Malcolm,
As you may be aware, we have used Doubletake her now for about 2 years give
or take. The concept of the software is twofold:
1. To provide real time mirroring between two machines 
2. To give a failover situation where the mirrored server immediately takes
over from the failed primary server and assumes not only its role but also
its IP address whilst the failed primary server is repaired.

It accomplishes these tasks superbly and we actually do a live failover once
a month as part of our month end procedure with a failback after 24 hours so
as to test that it really does work.

In addition to our primary and secondary server we have a tertiary server
that is solely there to take snapshot backups off the secondary realtime
server once every hour - again using Doubletake. These snapshots are logged
on the tertiary server hard disk as well as tape.
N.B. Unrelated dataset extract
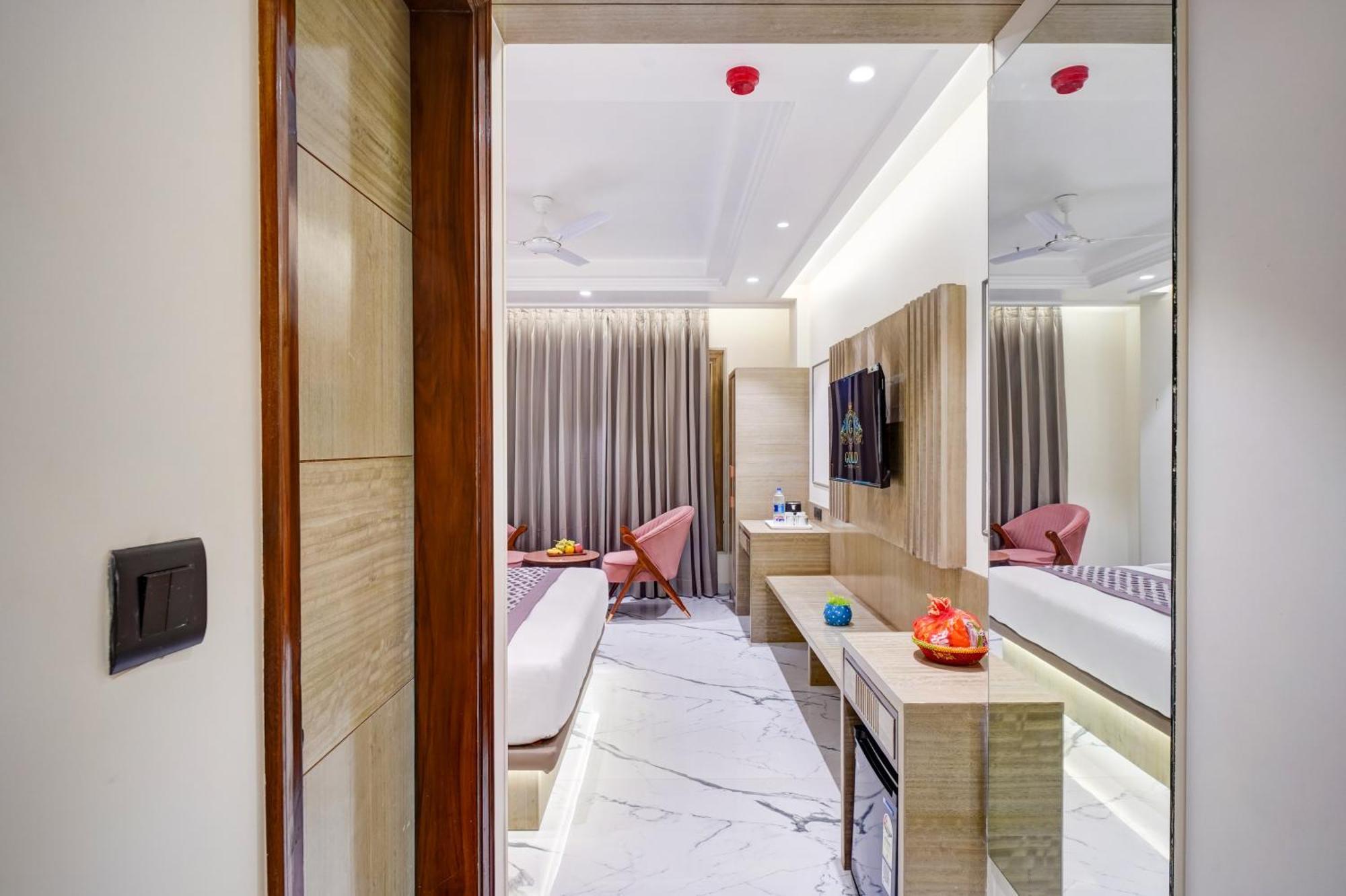 Newly Built Gold The Royal With Rooftop Restaurant - 2Mins Walk From New Delhi Rail Station & 5Mins From Connaught Place المظهر الخارجي الصورة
So, worst scenario is that primary server goes down, secondary server kicks
in within 30 seconds. Then secondary server fails - God Forbid. We can fire
the last hourly backup snapshot up onto the tertiary server in about 45
minutes and still be up and running.

Our kit (all servers) are all HP with raid 5 

I think that Doubletake would do your job as long as you have the primary
and secondary servers permanently connected. One thing that Doubletake
doesn't like is the mirror to be taken off line at different times as you
have to manually control the rebuild when it comes back on line. 

One thing that I don't like with the product is that the fail back can be
handled automatically by Doubletake (this is in fact the default setting)
but it seems to get confused when this happens and from an operational point
of view it isn't good anyhow. For example in the situation where the
Ethernet connection on the primary server is intermittently on or of (we
have had this happen) the primary server would dance between the master and
the secondary - not recommended.

So, I have set it so that once the primary server goes down, it stays down
until a manual fail back can be organized.
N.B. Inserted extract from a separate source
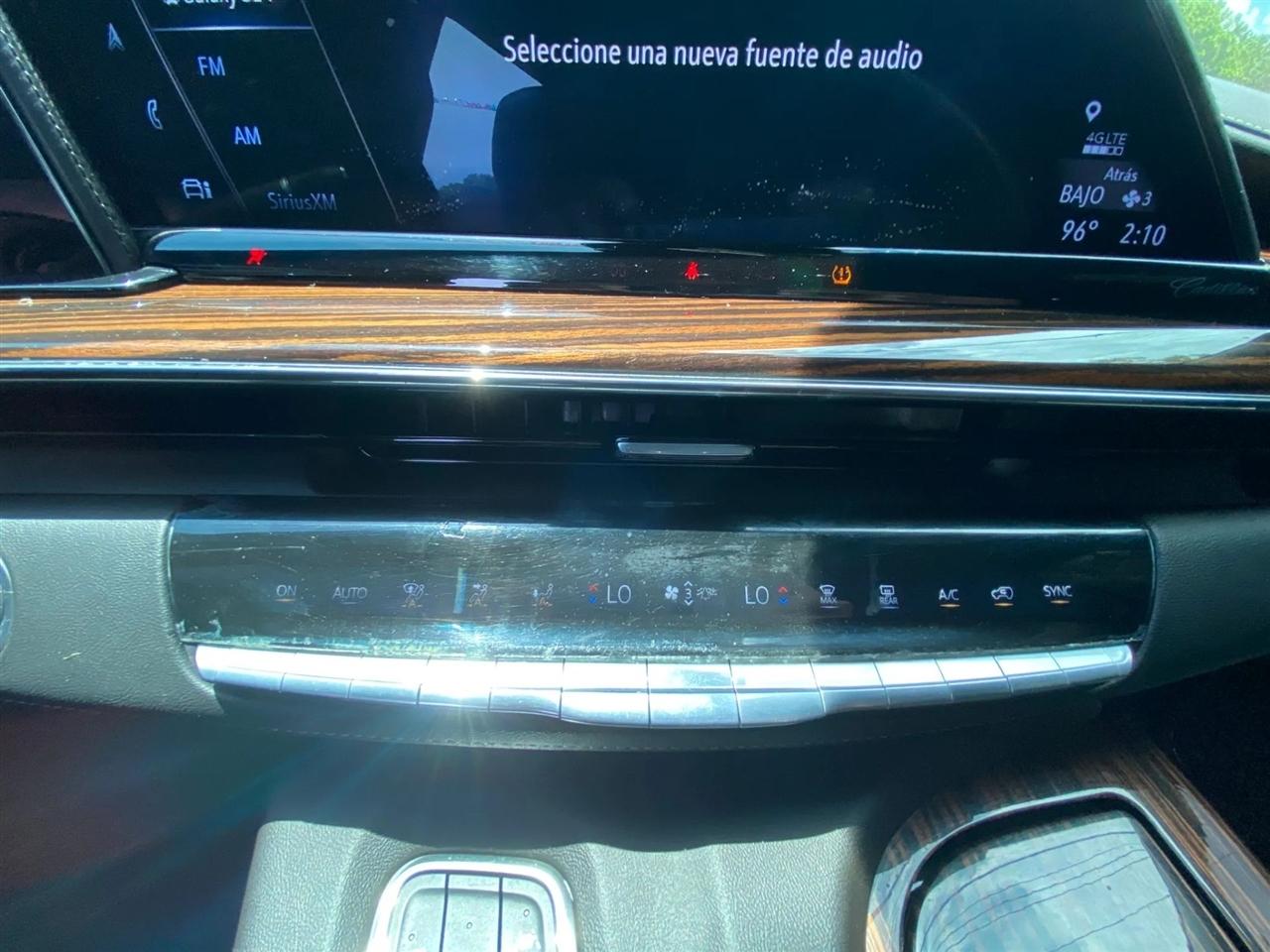 Cadillac Escalade ESV Premium Luxury 2021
So, in summary, if you want realtime backup with a server and a backup
machine which are permanently there then Doubletake is your answer.

By the way we run a mixture of Client server (MSSQL and MySQL) and VFP
tables/databases on the server and as a matter of course, if the failover
does happen I automatically reindex the main VFP datafiles just in case. The
Client/Server stuff just works as there are realtime backup agents for them
built into Doubletake.

Cost of the software is about $1500 I think and it is licensed by machine
"pair" i.e. one copy can be used on 2 machines (primary and backup machine)
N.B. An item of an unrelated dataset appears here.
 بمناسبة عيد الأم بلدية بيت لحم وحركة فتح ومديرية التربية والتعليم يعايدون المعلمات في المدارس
Setting up is initially simple but there are lots of "not obvious" bits in
there. However tech support is first class and they have just revamped their
help files which has helped.

Overall rating - 5 star and the ONLY solution that I could see working that
actually worked in the pre sales demo with some of our data (VFP .exe and
tables on the server) when the power was pulled on the main box. Everyone
else with a solution said it worked but either couldn't handle the VFP
tables or just plain lied and tried to sell us promises.

Dave Crozier

-----Original Message-----
From: [EMAIL PROTECTED] [mailto:[EMAIL PROTECTED] On Behalf
Of Malcolm Greene
Sent: 17 January 2008 19:01
To: [email protected]
Subject: [NF] Feedback on DoubleTake?

Dave,

Saw your mention of DoubleTake and was curious to hear your thoughts on
this product. I'm looking for a product that will allow me to use a
cheap pair of laptops vs. a single high-end RAID server for a portable
development environment I'm putting together. Does DoubleTake sound like
it would give me a similar level of failover with two networked machines
as I would get with a traditional RAID server? I don't need production
quality failover - just hoping to minimize down time if a non-RAID
server fails.

I would be grateful for your time and thoughts on the following:

1. Approximate cost (the Doubletake website doesn't show)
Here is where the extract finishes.